Le Cloud Access Security Provider, de son acronyme CASB à prononcer “casbi”, est une des nouvelles marottes des fournisseurs. Comme son nom l’indique, ce service vise à encadrer et sécuriser les accès aux services Cloud, par la fourniture d’un ensemble de services, gérés par une seule interface et maintenus par un seul éditeur.

Mais revenons un instant sur les raisons qui justifient cette gamme de services : le Shadow IT et la confiance.

Shadow IT et confiance, les éléments fondateurs pour l’émergence des CASB

Les besoins métiers évoluent très rapidement, et de nouvelles technologies deviennent de plus en plus accessibles aux utilisateurs finaux grâce au Cloud.

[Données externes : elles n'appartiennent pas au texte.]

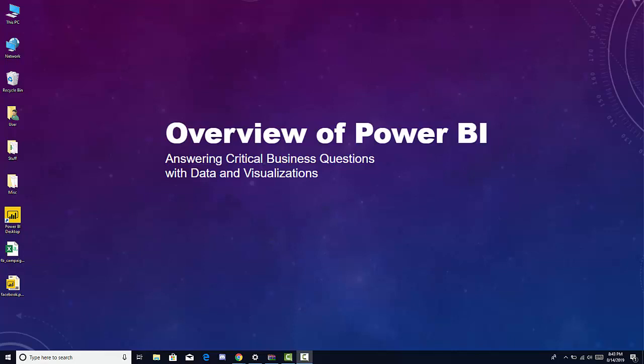Hi, welcome to the overview course on Power BI where you're going to be answering critical business questions with data and visualization. This is going to be a little bit of a different course because in each step I want to empower you to be able to answer questions with Power BI.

Les directions métiers, devant le manque de réactivité et de communication des DSI, se sont accaparées des outils innovants en faisant courir un risque à l’entreprise, en escamotant complètement le processus IT classique. C’est alors que le Shadow IT se développe. Pourtant, la majorité des équipes est prête à arrêter ces usages si la DSI lui propose des solutions.

Le CASB peut alors se révéler précieux pour identifier les services utilisés et les sécuriser par une réintégration dans le SI de l’entreprise et la politique de sécurité associée. Ses outils de surveillance du réseau peuvent également permettre de détecter les futurs cas de Shadow IT.

Cet encadrement du Shadow IT ne doit cependant pas se faire sous l’angle répressif, car cela ne ferait qu’amplifier l’utilisation de ces outils : interdire ces outils va, dans un premier temps, réduire leur utilisation, avant de favoriser des voies de contournement tant que le besoin initial n’est pas satisfait…ou sécurisé. La confiance reste indispensable !

Quel cas d’usage pour les CASB ?

Le point essentiel du CASB est qu’il s’agit d’un ensemble de services qui ont vocation à assister les entreprises dans leur démarche de prise de confiance envers le Cloud.

On retrouve donc un portefeuille de services à déployer selon les besoins : analyse de trafic pour identifier les services clés à sécuriser, firewall pour bloquer les connexions frauduleuses, SSO pour gérer les accès avec les comptes utilisateurs,…

Ainsi, dans le cas du Shadow IT, on retrouve les outils qui permettent de renouer le lien avec les opérationnels tout en permettant de sécuriser l’activité en faisant rentrer les usages dans les politiques de sécurité de l’entreprise.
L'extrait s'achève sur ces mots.